Nat rolls gently to her feet to meet Erik down by his truck.
She lives in this small town, tucked away, but it’s the center of a web of people who care about her, people she’s taken care of, who now see a chance to pay it back, pay it forward. Community, partnership, family.
In the last week she’s gotten a book illustrating all the ways dogs are better than babies, from Maria, bookmarked with a savings bond of all things. A Captain America onesie, from Steve, complete with a stuffed shield that squeaks when you squeeze it. Laura had brought up a big box of hand-knit baby items that Clint’s been working on since he found out, including a double-sided blanket in violet and leek green. Stark had sent an upgrade kit for the dawn simulator with a full suite of nursery settings.

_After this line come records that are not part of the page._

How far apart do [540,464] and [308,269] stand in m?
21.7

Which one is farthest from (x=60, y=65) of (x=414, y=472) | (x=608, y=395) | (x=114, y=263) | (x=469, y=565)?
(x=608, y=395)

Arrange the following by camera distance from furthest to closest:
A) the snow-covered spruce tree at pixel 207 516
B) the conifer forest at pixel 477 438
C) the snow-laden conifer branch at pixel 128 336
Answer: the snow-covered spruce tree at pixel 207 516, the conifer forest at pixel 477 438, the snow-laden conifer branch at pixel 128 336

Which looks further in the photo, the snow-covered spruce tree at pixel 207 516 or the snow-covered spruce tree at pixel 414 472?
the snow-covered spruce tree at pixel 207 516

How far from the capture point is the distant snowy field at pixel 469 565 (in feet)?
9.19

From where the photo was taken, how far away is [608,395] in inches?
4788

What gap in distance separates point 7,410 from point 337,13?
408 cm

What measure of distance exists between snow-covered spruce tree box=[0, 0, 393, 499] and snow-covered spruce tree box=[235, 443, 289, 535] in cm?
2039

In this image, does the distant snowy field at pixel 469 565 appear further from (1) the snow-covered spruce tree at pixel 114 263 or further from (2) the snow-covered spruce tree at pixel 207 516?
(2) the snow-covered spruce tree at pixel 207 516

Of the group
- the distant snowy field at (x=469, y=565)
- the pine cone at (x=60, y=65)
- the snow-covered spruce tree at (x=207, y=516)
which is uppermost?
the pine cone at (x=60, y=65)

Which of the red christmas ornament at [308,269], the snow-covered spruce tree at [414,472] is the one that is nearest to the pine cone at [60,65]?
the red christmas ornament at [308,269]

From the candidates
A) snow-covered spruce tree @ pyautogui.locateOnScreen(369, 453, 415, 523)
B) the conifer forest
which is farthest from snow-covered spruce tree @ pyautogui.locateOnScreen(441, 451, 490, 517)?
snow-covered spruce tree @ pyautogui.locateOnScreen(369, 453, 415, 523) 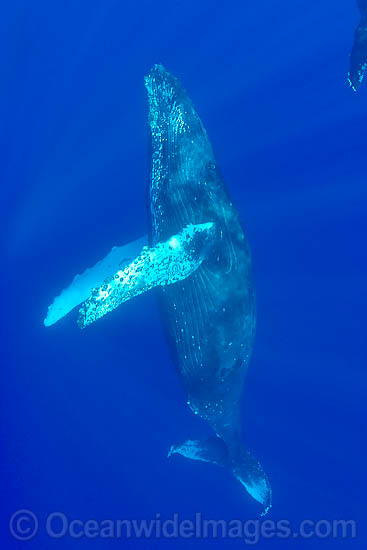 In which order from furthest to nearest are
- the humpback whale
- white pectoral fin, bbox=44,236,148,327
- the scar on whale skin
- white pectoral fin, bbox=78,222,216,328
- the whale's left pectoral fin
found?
the whale's left pectoral fin
the scar on whale skin
white pectoral fin, bbox=44,236,148,327
the humpback whale
white pectoral fin, bbox=78,222,216,328

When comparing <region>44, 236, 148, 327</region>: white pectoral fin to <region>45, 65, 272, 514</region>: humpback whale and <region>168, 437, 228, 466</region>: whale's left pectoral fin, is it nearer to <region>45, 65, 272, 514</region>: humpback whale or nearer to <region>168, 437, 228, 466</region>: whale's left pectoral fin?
<region>45, 65, 272, 514</region>: humpback whale

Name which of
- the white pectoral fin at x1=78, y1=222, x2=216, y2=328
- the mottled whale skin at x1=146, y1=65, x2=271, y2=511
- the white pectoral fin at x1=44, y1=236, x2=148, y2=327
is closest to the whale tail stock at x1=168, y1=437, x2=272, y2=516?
the mottled whale skin at x1=146, y1=65, x2=271, y2=511

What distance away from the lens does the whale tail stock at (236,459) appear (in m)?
9.10

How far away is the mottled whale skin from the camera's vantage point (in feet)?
22.2

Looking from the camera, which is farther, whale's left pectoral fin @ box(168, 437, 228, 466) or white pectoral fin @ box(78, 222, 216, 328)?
whale's left pectoral fin @ box(168, 437, 228, 466)

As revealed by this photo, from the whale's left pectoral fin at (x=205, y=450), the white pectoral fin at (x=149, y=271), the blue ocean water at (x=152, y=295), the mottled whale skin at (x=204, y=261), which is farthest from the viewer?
the blue ocean water at (x=152, y=295)

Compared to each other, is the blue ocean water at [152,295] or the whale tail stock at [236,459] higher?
the blue ocean water at [152,295]

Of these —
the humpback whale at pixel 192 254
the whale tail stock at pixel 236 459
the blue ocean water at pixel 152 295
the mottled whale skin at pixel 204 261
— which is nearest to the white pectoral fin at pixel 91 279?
the humpback whale at pixel 192 254

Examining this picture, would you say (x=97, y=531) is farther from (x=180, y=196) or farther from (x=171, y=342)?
(x=180, y=196)

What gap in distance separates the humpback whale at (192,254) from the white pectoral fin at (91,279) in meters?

Laura told her when she stopped by Tangled Web, Rear Admiral Nick Fury (retired) had pulled her aside to categorically deny any and all rumors about a baby shower.
Nat signs for the package and ducks into the cool space of the workshop garage. She wants to open it up here, this package from London with familiar handwriting. She grabs a chisel from the bench, slicing through the packing tape.
Nestled inside tissue paper is a hardbound cloth-covered copy of Charlotte’s Web, inscribed simply: Love to Nat, from Bruce.